>>>

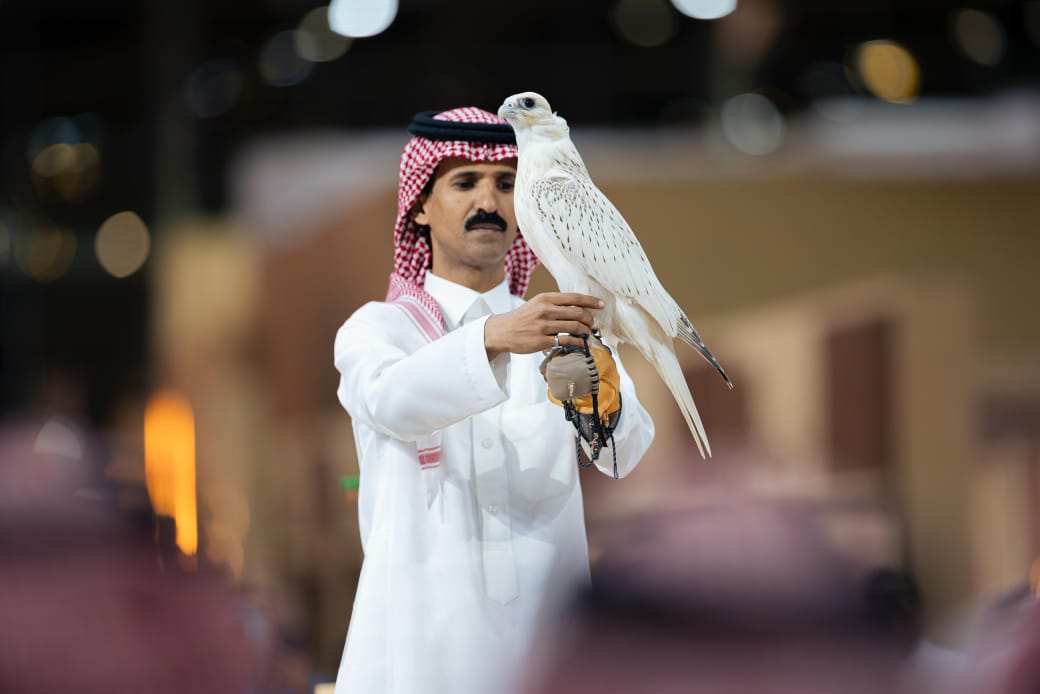IMG 20250825 WA0046 بيع أغلى صقر في العالم بـ 1.2 مليون ريال سعودي بمزاد دولي في الرياض 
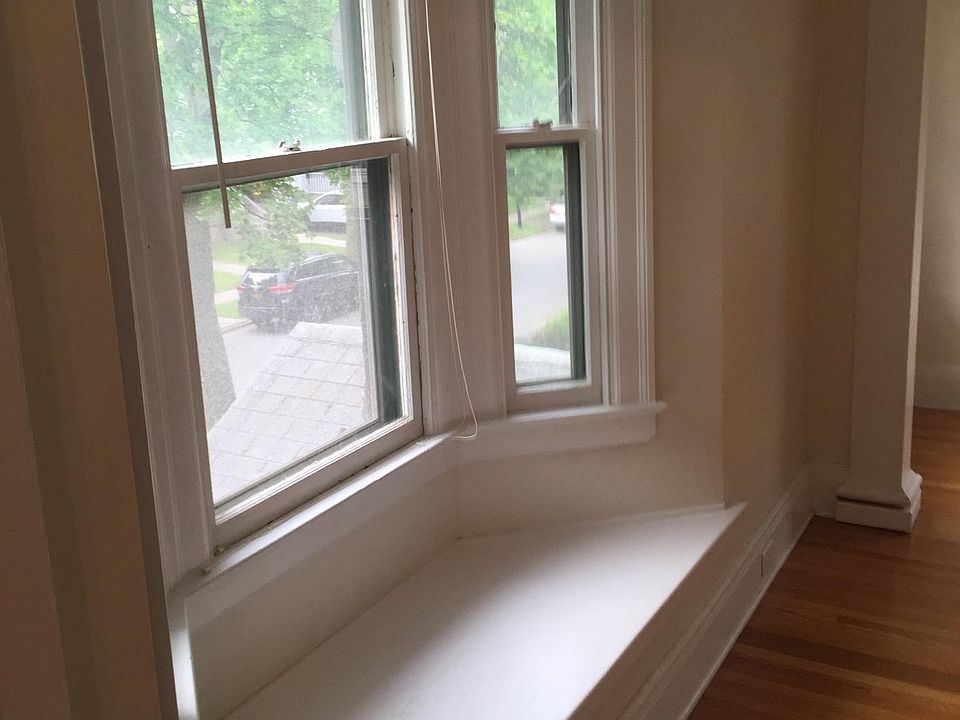 Living room, bay window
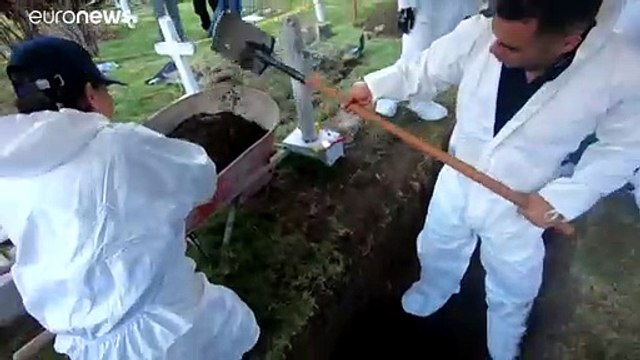 Investigadores colombianos exumam corpos de civis alegadamente executados
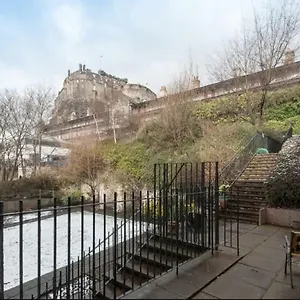Charming 1 Bed With Castle View Apartment Edinburgh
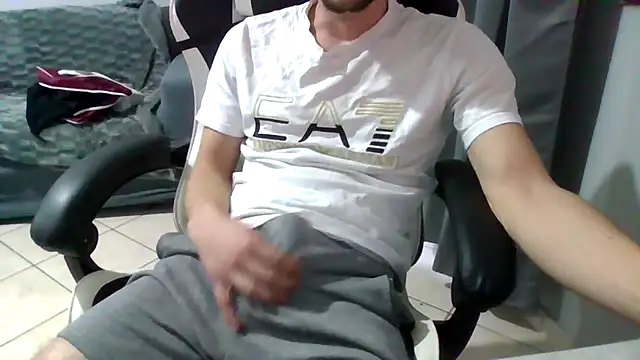 Snapshot of simoninside25 chatting on 10-20-25, 04:07 simoninside25 online show from 10-20-25, 04:07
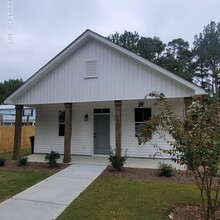 Building Photo - 204 S Johnson St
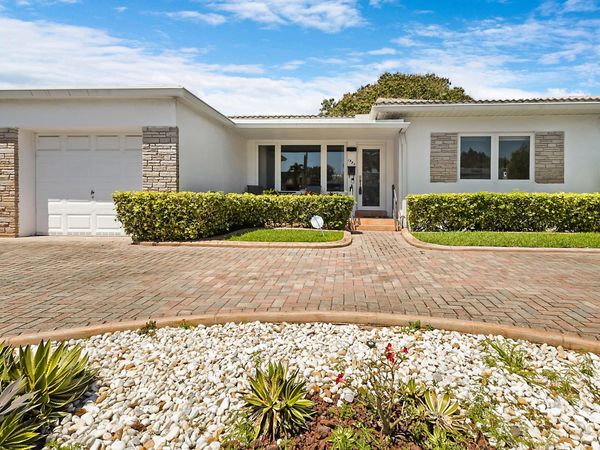1555 71st Street , Miami Beach, FL 33141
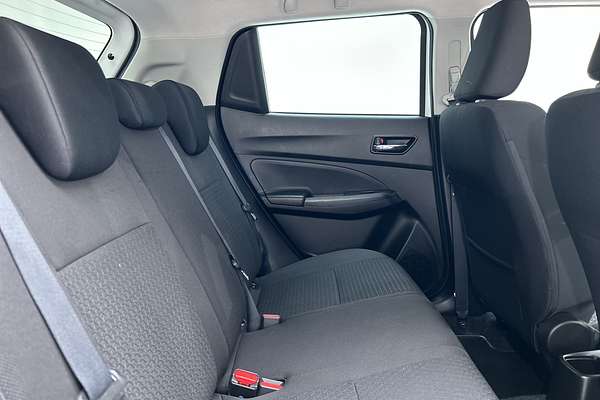 2023 Suzuki Swift GLX Turbo AZ Series II thumb-11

<<<

■ Task details: Reproduce the material exactly. Pictures stay out.

■ Your response:
IMG 20250825 WA0046 بيع أغلى صقر في العالم بـ 1.2 مليون ريال سعودي بمزاد دولي في الرياض 
 Living room, bay window
 Investigadores colombianos exumam corpos de civis alegadamente executados
Charming 1 Bed With Castle View Apartment Edinburgh
 Snapshot of simoninside25 chatting on 10-20-25, 04:07 simoninside25 online show from 10-20-25, 04:07
 Building Photo - 204 S Johnson St
1555 71st Street , Miami Beach, FL 33141
 2023 Suzuki Swift GLX Turbo AZ Series II thumb-11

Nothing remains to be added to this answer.